Task objective ▸
Of all the lines below, return only those starting with the line holding "Erisha Womens pure" and going on through the line holding "Altare buddista in", exactly as written.
Start of Records supplied
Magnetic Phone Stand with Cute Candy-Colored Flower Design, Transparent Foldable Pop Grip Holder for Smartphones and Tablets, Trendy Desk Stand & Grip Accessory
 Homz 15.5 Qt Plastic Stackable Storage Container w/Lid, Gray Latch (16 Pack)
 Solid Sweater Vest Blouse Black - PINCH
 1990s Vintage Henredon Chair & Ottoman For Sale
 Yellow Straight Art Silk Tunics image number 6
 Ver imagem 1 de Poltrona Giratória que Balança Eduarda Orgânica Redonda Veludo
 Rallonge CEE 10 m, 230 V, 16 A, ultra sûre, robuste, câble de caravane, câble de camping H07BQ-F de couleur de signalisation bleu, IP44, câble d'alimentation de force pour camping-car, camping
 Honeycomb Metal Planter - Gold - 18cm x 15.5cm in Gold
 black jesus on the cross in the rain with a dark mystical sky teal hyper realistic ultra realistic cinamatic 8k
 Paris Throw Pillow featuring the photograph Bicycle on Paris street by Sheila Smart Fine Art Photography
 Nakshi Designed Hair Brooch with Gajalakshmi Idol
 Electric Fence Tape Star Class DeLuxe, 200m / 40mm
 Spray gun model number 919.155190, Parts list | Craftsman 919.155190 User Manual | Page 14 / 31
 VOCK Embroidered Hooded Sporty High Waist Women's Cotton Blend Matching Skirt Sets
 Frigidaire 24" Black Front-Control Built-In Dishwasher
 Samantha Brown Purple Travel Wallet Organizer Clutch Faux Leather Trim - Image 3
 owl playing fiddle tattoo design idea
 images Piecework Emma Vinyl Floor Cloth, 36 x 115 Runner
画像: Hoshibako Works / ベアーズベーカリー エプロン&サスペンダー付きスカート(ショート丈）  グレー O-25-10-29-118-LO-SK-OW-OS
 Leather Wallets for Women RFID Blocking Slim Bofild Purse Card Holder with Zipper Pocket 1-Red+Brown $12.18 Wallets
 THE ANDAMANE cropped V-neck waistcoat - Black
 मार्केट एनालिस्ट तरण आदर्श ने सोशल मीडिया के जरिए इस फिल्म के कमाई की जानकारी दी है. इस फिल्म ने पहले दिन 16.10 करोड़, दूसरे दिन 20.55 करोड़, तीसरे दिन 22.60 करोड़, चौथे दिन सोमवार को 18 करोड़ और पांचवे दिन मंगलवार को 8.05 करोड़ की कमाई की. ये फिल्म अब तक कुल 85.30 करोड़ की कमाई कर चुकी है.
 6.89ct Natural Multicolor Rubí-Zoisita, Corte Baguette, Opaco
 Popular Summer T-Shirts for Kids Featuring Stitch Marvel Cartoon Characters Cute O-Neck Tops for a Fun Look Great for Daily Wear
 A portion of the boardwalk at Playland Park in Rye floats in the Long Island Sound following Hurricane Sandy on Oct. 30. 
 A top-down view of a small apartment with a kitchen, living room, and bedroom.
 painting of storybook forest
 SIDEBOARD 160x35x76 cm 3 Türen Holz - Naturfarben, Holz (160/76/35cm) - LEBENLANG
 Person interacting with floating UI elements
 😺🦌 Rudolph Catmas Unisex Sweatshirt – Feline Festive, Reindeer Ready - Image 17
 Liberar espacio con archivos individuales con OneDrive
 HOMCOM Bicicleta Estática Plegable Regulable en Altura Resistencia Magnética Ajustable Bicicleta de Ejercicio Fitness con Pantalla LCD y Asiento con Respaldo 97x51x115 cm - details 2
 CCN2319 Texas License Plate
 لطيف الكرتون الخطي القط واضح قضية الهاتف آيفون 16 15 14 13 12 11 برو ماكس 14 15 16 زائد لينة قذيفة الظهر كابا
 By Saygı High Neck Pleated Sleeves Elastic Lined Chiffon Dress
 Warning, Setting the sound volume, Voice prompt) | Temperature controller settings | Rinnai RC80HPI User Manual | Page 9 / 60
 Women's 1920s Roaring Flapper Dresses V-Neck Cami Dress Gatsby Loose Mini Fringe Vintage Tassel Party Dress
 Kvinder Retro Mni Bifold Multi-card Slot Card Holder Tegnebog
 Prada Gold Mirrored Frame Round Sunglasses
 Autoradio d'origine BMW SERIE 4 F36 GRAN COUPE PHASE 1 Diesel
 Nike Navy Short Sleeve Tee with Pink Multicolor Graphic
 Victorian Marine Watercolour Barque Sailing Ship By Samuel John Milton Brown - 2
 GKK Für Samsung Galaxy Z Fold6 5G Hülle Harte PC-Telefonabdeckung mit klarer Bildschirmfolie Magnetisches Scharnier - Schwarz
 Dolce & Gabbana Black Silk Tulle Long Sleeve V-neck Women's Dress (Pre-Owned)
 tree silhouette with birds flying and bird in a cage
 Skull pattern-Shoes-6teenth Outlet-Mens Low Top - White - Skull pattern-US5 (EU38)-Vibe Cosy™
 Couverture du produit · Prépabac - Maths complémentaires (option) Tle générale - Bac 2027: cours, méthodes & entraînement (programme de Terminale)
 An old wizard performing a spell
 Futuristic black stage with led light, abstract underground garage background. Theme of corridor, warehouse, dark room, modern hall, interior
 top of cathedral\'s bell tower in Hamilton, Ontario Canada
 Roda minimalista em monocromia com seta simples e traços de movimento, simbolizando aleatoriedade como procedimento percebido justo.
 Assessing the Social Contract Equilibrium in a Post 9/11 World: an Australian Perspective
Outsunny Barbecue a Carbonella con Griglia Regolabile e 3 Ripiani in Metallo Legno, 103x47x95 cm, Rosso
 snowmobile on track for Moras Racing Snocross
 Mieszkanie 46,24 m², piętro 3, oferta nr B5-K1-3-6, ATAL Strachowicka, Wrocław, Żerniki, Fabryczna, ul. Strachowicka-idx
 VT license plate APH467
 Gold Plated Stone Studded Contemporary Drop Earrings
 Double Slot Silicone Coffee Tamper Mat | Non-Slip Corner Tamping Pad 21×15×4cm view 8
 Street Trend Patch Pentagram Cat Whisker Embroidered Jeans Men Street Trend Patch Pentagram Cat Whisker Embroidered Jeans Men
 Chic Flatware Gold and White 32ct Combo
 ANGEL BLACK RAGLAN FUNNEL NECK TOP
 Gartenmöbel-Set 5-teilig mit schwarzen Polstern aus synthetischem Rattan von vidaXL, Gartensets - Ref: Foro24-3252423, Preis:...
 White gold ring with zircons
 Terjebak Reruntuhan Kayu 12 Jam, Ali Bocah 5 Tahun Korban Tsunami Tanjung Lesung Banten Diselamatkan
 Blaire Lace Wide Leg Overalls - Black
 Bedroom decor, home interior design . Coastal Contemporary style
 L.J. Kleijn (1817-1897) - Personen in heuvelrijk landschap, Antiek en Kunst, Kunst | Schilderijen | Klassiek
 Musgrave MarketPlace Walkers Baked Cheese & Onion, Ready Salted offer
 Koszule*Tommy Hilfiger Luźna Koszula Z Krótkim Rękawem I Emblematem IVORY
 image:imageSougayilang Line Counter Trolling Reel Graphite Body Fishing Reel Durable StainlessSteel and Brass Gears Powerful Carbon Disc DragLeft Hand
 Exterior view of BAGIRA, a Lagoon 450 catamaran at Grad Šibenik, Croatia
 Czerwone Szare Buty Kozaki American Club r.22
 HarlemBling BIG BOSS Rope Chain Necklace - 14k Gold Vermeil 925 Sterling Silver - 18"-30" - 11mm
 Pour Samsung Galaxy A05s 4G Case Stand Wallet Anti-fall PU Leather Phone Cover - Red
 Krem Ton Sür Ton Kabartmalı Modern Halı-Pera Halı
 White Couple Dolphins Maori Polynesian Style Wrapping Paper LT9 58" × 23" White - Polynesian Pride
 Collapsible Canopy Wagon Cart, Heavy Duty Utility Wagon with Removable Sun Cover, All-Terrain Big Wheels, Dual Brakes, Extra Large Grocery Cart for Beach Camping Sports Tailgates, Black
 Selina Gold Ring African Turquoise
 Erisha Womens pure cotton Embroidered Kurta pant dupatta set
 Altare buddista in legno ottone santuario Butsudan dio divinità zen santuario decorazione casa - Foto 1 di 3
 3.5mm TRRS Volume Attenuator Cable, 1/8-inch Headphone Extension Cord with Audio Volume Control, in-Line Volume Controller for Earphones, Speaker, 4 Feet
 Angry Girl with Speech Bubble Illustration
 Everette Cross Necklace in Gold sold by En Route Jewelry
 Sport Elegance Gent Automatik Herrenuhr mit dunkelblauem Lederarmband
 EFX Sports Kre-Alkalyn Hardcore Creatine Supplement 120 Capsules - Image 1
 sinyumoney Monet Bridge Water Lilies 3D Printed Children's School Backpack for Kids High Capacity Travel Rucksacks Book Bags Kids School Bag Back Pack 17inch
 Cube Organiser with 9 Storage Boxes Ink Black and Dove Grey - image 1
End of Records supplied
Result below ▸
 Erisha Womens pure cotton Embroidered Kurta pant dupatta set
 Altare buddista in legno ottone santuario Butsudan dio divinità zen santuario decorazione casa - Foto 1 di 3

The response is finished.